Mar 06

Part 69: The Dreamer

Todd Pruitt |Series: Genesis |Genesis 37:1-11

Chapter 37 launches the final “book” of Genesis. Each major section or book of Genesis is introduced by the Hebrew word “toledoth” which means “generations” (2:4; 5:1; 6:9; 10:1; 11:10, 27; 25:12, 19; 37:2). From this point on to the end of Genesis, the themes established earlier will he highlighted once again. “The motifs of God’s promises to Abraham to multiply his offspring, give them the land of Canaan, and bless the earth through them (12:1-3) and God’s covenant with Abraham and Sarah to bring forth kings through them (17:6, 16) escalate significantly in this account” (Waltke, 491). The story of Joseph brings to the fore once again the themes of God’s electing grace, his sovereign providence, and covenant faithfulness.

Also prominent in the final book of Genesis is the theme of God’s redeeming grace.

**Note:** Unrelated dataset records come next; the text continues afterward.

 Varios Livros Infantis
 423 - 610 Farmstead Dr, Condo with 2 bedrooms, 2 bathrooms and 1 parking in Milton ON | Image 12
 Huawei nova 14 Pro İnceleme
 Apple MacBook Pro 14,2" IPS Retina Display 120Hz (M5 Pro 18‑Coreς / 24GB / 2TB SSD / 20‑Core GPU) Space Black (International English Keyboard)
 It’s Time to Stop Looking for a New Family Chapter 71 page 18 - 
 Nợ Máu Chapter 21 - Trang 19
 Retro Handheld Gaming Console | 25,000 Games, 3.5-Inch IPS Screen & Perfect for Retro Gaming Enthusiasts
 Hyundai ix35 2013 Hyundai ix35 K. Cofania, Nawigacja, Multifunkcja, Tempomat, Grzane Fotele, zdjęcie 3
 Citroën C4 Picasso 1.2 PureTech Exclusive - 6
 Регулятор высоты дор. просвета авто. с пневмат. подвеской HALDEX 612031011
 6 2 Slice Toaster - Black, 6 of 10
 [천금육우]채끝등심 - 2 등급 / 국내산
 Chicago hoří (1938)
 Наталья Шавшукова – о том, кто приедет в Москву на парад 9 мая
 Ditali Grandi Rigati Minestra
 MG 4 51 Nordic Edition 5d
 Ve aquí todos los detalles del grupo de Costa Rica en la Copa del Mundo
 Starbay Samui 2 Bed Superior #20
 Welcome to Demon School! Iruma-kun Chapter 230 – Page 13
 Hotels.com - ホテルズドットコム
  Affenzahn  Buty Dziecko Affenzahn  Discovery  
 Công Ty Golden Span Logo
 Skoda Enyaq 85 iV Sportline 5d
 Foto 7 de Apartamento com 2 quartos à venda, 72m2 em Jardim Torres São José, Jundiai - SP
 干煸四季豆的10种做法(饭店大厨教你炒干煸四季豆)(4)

That is, God uses even the failures of his own covenant people as means toward their redemption. God sovereignly orchestrates circumstances as means to bring about the inner transformation of Joseph’s brothers. In doing this, God fits them with the necessary qualities to function in the world as his covenant partners. Joseph’s brothers had shattered the family’s peace by their wicked actions. But through it all God was sovereignly overruling all events and the actions of human creatures to bring about the restoration of the brothers, especially Judah (45:5-7). Indeed, this final book of Genesis tells how a family torn asunder by hatred and rivalry became, by God’s sovereign grace, an earthly expression of the kingdom of God. Perhaps no other account of redemption, save for the salvation of the Apostle Paul, can rival the story of God’s redemption of Jacob’s sons.

Long before we reach the New Testament revelation of Jesus Christ and his death for sinners, God promised to save sinners by grace alone through faith alone through a Substitute standing in their place. In the case of Jacob’s sons we see God patiently keeping covenant with his people in gracious defiance of their sin. The story begins with a murderous rivalry between brothers harkening back to Cain and Abel. It continues with intermarriage with Canaanites. Just as Esau had done, Judah takes a Canaanite wife. Though the family is damaged and compromised by their own sin, they are ultimately reconciled and made pure proving once again that “where sin increased, grace abounded all the more” (Romans 5:20).